Le départ soudain de toutes ses femmes italiennes, provoqué par les soupçons qu’inspirait le duc de Savoie, avait un moment jeté la reine dans un état voisin du désespoir. Par des conseils dont un dévouement respectueux tempérait l’austérité, par une abnégation absolue d’elle-même, Mme des Ursins s’empara de ce cœur brisé et en pansa toutes les blessures. Elle fut une amie, une sœur, presque une mère pour l’exilée, et son influence ne profita pas moins des premiers embarras de l’union conjugale que de la passion effrénée qui ne tarda pas à placer sous le joug de sa femme un époux de dix-huit ans, chaste comme saint Louis avec le tempérament d’Henri IV. Afin de fortifier cet ascendant et de demeurer maîtresse exclusive d’une confiance dont le pouvoir était le prix, la princesse des Ursins ne reculait ni devant des fatigues à lasser les plus hardis courages, ni devant des services dont la nature aurait soulevé son orgueil, si ce n’avait été pour elle une même chose d’être et de gouverner[2]. Cette servitude dorée est décrite avec une complaisance spirituellement minutieuse dans les lettres à la maréchale de Noailles et au marquis de Torcy, et, malgré la commisération qu’elle y réclame, il est visible que Mme des Ursins entre dans les détails de son service domestique bien moins pour se faire plaindre à Versailles que pour s’y faire compter[3]. Un tel esclavage lui pèse peu, car, quoiqu’il fût conforme

  1. « Je me donne l’honneur d’écrire à Mme de Maintenon sur la mort de Mme de Montchevreuil, et je vous adresse ma lettre, madame, parce qu’elle vaudra quelque chose en passant par vos mains. Ce n’est qu’un simple compliment. J’ai eu besoin de vos conseils pour le hasarder, car je ne sais que trop le peu de temps que cette admirable personne a à donner à des choses aussi inutiles… Il suffirait qu’on sût dans ce pays qu’elle me trouve digne d’avoir un commerce réglé avec moi pour que le sacré-collége me regardât avec admiration.
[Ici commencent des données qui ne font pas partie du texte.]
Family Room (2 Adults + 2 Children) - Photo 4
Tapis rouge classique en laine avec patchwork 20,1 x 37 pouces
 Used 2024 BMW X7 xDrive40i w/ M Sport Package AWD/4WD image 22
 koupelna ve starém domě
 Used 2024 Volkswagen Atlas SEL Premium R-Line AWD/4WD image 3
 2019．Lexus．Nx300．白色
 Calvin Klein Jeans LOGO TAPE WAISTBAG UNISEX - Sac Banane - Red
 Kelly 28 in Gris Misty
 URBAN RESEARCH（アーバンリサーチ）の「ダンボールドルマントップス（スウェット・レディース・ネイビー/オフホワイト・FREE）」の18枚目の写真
Jugez de ce qui arriverait si effectivement j’étois en possession de cet avantage ! Mme de Maintenon écrit d’une manière si noble et si spirituelle que je ne sais si ses lettres ne feraient pas encore plus de plaisir que d’honneur. » Lettre à la maréchale de Noailles, 12 décembre 1699. Recueil de M. Geffroy, p. 56.
  2. Saint-Simon.
  3. « Dans quel emploi, bon Dieu, m’avez-vous mise ? Je n’ai pas le moindre repos, et je ne trouve même pas le temps de parler à mon secrétaire. Il n’est plus question de me reposer après dîner, ni de manger quand j’ai faim. Je suis trop heureuse de pouvoir faire un mauvais dîner en courant, et encore est-il bien rare qu’on ne m’appelle pas dans le moment où je me mets à table. En vérité, Mme de Maintenon riroit bien si elle savoit tous les détails de ma charge. Dites-lui, je vous supplie, que c’est moi qui ai l’honneur de prendre la robe du roi d’Espagne lorsqu’il se met au lit, et de la lui donner avec ses pantoufles quand il se lève. Jusque-là je prendrais patience ; mais que tous les soirs, quand le roi entre chez la reine pour se coucher, le comte de Benavente me charge de l’épée de sa majesté, d’un pot de chambre et d’une lampe que je renverse ordinairement sur mes habits, cela est trop grotesque. Jamais le roi ne se lèveroit si je n’allois tirer son rideau, et ce seroit un sacrilège si un autre que moi entroit dans la chambre de la reine quand ils sont au lit. Dernièrement la lampe s’étoit éteinte parce que j’en avois répandu la moitié. Je ne savois où étoient les fenêtres ; je pensai me casser le cou contre la muraille, et nous fûmes, le roi d’Espagne et moi, près d’un quart d’heure à nous heurter en les cherchant. Sa majesté s’accommode si bien de moi qu’elle a quelquefois la bonté de m’appeler deux heures plus tôt que je ne voudrois me lever. La reine entre dans ces plaisanteries, mais cependant elle n’a pas encore attrapé la confiance qu’elle avoit aux femmes de chambre piémontaises ; j’en suis étonnée, car je la sers mieux qu’elles, et je suis sûre qu’elles ne lui laveroient point les pieds et qu’elles ne la déchausseroient point aussi promptement que je le fais. » A la maréchale de Noailles, décembre 1701. Recueil de M. Geffroy, p. 113.